A quanto pare non sono l’unico. EVOKE ha attirato oltre 15.000 giocatori nel primo mese. Come sempre, molta gente fa poco o niente, ma c’è una minoranza molto attiva che sta producendo idee incredibili, e spesso poi va fuori e le realizza, gioco o non gioco. Gli agenti migliori hanno creato roba come SEED (per migliorare la qualità della vita e le opportunità attraverso un’istruzione personalizzata in Sierra Leone), Gratitude Gardens (“una combinazione di incubatori di impresa sociale, banche dei semi vive, e spazi di ritrovo per la comunità”), uno sforzo di mettere in piedi una rete globale di raccolta per la ONG americana Hopephones. Alcuni agenti stanno creando uno spazioche resterà a disposizione dopo la fine di EVOKE (a maggio), EVOKE4EVER.
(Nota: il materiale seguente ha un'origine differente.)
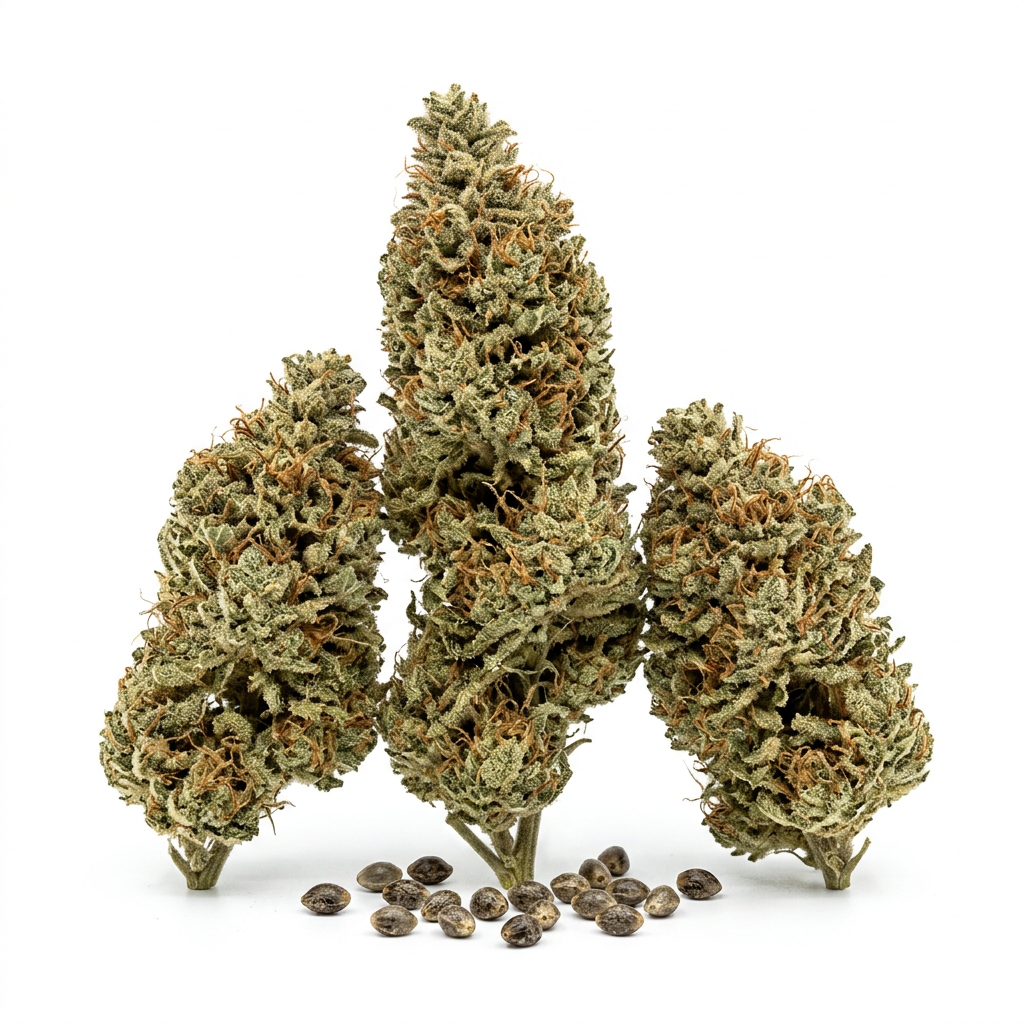 CBD Moby Dick cannabis seeds - product photo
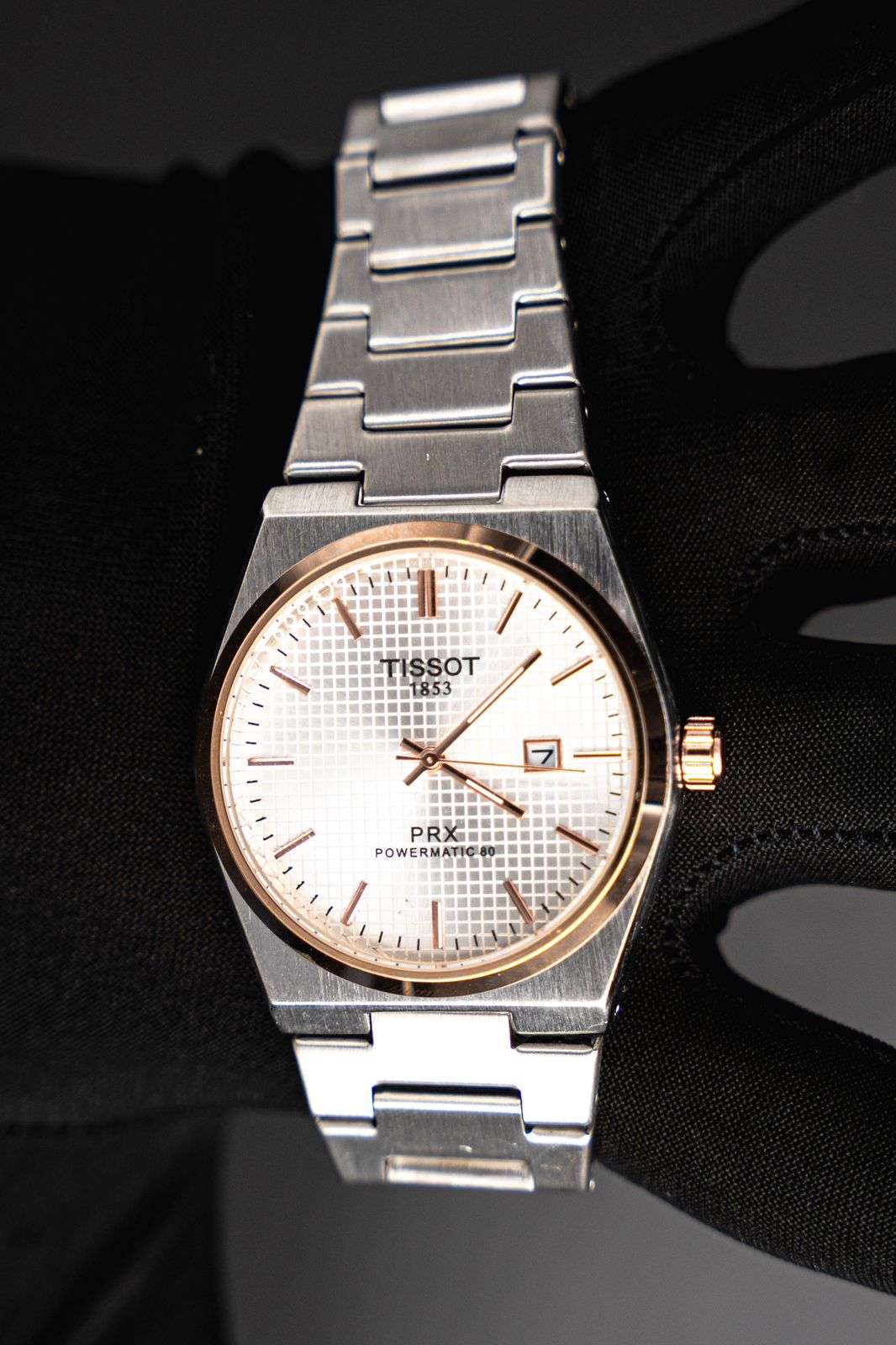 Tsst Metalico Plateado Tablero Plateado Dorado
Sembra però che ci sia un lato oscuro in EVOKE. Alcuni giocatori sostengono che loro commenti di tono un po’ critico sono stati cancellati dal feed delle attività principali per evitare che si diffondessero; e alcuni dei giocatori di profilo più alto sono addirittura spariti dalla rete. Gira una brutta parola, censura. La Banca Mondiale non ha confermato queste voci (e potrebbero addirittura essere parte della storia dell’ARG!); ma conosco personalmente innovatori sociali brillanti che, in questa controversia, hanno perso fiducia in EVOKE e spostato il loro impegno altrove. E questa è una cattiva notizia, perché coinvolgere person così è la ragione per cui EVOKE esiste. La lezione da portare a casa è la solita del web 2.0: le reti di agenti intelligenti (come le persone, da non confondersi con le reti di agenti stupidi come i neuroni) si possono fare nascere, crescere, influenzare e distruggere, ma MAI controllare. Se non puoi accettare che facciano cose che non avevi previsto, meglio non cominciare neanche. (Tito Bianchi ed io abbiamo sostenuto queste cose in maggiore dettaglio altrove). Ho scritto alla Banca Mondiale chiedendo un loro commento, ma non ho ancora avuto risposta.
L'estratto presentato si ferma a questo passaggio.